Problem description:
Exactly reproduce the lines from the line containing "Insider Sell: CEO" to the end of the data below, inclusive, and nothing else.
(Data for this task Opens)
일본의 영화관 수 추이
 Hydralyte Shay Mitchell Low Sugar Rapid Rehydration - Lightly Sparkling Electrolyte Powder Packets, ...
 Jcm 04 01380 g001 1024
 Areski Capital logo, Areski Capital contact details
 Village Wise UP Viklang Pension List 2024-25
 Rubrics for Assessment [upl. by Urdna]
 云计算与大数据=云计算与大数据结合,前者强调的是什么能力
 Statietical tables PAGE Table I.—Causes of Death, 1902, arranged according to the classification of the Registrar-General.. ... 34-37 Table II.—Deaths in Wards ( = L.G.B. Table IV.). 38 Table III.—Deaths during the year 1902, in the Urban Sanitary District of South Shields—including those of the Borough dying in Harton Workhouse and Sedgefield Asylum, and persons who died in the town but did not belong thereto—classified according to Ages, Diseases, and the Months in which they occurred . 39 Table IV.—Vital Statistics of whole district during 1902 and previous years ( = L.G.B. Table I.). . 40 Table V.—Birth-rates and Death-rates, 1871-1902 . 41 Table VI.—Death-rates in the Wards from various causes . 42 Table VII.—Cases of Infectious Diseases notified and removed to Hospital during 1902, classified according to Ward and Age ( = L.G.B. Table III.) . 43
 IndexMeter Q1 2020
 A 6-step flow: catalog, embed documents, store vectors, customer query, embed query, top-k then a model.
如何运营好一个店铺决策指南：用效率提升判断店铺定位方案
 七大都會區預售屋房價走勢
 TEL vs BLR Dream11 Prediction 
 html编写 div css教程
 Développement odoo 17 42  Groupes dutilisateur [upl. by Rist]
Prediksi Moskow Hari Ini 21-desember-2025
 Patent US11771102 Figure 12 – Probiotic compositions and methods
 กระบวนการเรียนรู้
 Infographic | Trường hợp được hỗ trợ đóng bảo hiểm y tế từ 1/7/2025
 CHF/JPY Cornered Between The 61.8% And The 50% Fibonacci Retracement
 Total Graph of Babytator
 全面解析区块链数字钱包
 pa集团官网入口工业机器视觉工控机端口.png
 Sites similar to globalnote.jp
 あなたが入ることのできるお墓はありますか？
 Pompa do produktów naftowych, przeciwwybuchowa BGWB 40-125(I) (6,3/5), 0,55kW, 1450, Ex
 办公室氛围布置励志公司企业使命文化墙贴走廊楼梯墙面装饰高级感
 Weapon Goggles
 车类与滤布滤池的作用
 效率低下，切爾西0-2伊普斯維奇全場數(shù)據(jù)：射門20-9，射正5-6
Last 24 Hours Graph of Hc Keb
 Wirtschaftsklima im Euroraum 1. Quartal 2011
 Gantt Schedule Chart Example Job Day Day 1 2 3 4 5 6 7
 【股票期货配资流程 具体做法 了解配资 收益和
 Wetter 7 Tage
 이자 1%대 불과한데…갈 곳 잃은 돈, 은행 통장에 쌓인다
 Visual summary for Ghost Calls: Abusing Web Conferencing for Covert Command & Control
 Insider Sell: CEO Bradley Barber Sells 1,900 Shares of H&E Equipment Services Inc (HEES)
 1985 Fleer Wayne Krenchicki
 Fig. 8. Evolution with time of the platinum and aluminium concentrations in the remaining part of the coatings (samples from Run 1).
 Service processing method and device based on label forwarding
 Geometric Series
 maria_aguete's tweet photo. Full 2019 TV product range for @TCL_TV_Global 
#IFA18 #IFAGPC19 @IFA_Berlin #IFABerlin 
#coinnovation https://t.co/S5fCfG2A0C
(Data for this task Closes)
Response to the exercise:
 Insider Sell: CEO Bradley Barber Sells 1,900 Shares of H&E Equipment Services Inc (HEES)
 1985 Fleer Wayne Krenchicki
 Fig. 8. Evolution with time of the platinum and aluminium concentrations in the remaining part of the coatings (samples from Run 1).
 Service processing method and device based on label forwarding
 Geometric Series
 maria_aguete's tweet photo. Full 2019 TV product range for @TCL_TV_Global 
#IFA18 #IFAGPC19 @IFA_Berlin #IFABerlin 
#coinnovation https://t.co/S5fCfG2A0C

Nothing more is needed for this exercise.